NEOSE TECHNOLOGIES, INC. BOARD RESOLUTIONS AMENDMENT OF SHAREHOLDER RIGHTS PLAN December 3, 1998

EX-4.2 3 nt907875ex42.htm

EXHIBIT 4.2

NEOSE TECHNOLOGIES, INC.

BOARD RESOLUTIONS
AMENDMENT OF SHAREHOLDER RIGHTS PLAN

December 3, 1998

                    RESOLVED, that, pursuant to and in accordance with Section 26 of the Rights Agreement dated as of September 26, 1997 between the Company and American Stock Transfer & Trust Company, as Rights Agent (the “Rights Agent”),  the Board of Directors hereby deems it advisable to amend such agreement, and that the Amended and Restated Rights Agreement dated as of December 3, 1998 between the Company and the Rights Agent (as so amended and restated, the “Amended and Restated Rights Agreement”), substantially in the form presented to the Board of Directors, is hereby approved.

                    RESOLVED, that the Chairman of the Board, the Chief Executive Officer, the President, any Vice President and any other appropriate officers of the Company are hereby authorized to execute and deliver the Amended and Restated Rights Agreement, substantially in the form  presented to the Board of Directors, with such modifications as the officer so acting determines with the advice of counsel to be in the best interests of the Company, such determination to be conclusively evidenced by his execution and delivery of the Amended and Restated Rights Agreement.

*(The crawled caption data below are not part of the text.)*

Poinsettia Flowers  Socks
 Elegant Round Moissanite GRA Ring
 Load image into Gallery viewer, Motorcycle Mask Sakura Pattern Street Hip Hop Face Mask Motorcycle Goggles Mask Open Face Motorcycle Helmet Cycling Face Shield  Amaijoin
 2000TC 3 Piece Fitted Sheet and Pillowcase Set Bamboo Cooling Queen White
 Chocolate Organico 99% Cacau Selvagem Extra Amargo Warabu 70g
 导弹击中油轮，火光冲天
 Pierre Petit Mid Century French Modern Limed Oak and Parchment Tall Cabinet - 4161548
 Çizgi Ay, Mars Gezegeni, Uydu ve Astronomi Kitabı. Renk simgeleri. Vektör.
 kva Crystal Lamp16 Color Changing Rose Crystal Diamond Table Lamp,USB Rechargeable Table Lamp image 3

                    RESOLVED, that the appropriate officers of the Company are hereby authorized, subject to the terms of the Amended and Restated Rights Agreement, to take any or all of the following actions on behalf of the Company:

                               (1)  To file with the Securities and Exchange Commission and all appropriate agencies of any State or States of the United States of America, a Registration Statement or Statements, any related Prospectus or Prospectuses, a Current Report on Form 8-K, any application or applications, any report or reports and any other papers and instruments with respect to the Amended and Restated Rights Agreement, such documents to be in such form as may be approved by the officer or officers executing any of the foregoing, whose execution thereof shall be conclusive evidence of such approval, and to file amendments or supplements to any of the foregoing and to take all such further action (including, without limitation, the preparation and filing of one or more Registration Statements, or of amendments to existing Registration Statements, relating to shares of Common Stock of the Company to be issued pursuant to the Company’s 1995 Stock Option/Stock Issuance Plan and any other employee benefit plan of the Company and the execution and filing of all requisite surety bonds and irrevocable consents and appointments of attorneys for service of process) as the officer so acting may deem necessary, desirable or appropriate so that the foregoing shall become effective;


                               (2)  To adopt on behalf of the Board of Directors the form of any resolution required by any authority to be filed in connection with any applications, consents to service, issuer’s covenants or other documents if (a) in the opinion of the officers executing the same, with the advice of counsel, the adoption of such resolutions is necessary, appropriate or desirable, and (b) the Secretary or an Assistant Secretary evidences such adoption by inserting in the minute book of the Company following the minutes of this meeting copies of such resolutions, which will thereupon be deemed to have been adopted by this Board of Directors with the same force and effect as if presented at this meeting;

                               (3)  To execute such other certificates, instruments and documents and take such action as may be necessary, desirable or appropriate in connection with the Amended and Restated Rights Agreement as the acting officer or officers deem appropriate; and

                               (4)  To take or cause to be taken any and all such further actions and to execute and deliver or cause to be executed and delivered any and all such other applications, certificates, documents, agreements and other instruments, including without limitation indemnity agreements (as such may be required by any stock exchange), and to incur and pay all such fees and expenses as, in the judgment of the officer or officers so acting, may be necessary, desirable or appropriate to carry into effect the purpose and intent of this and any and all of the foregoing resolutions.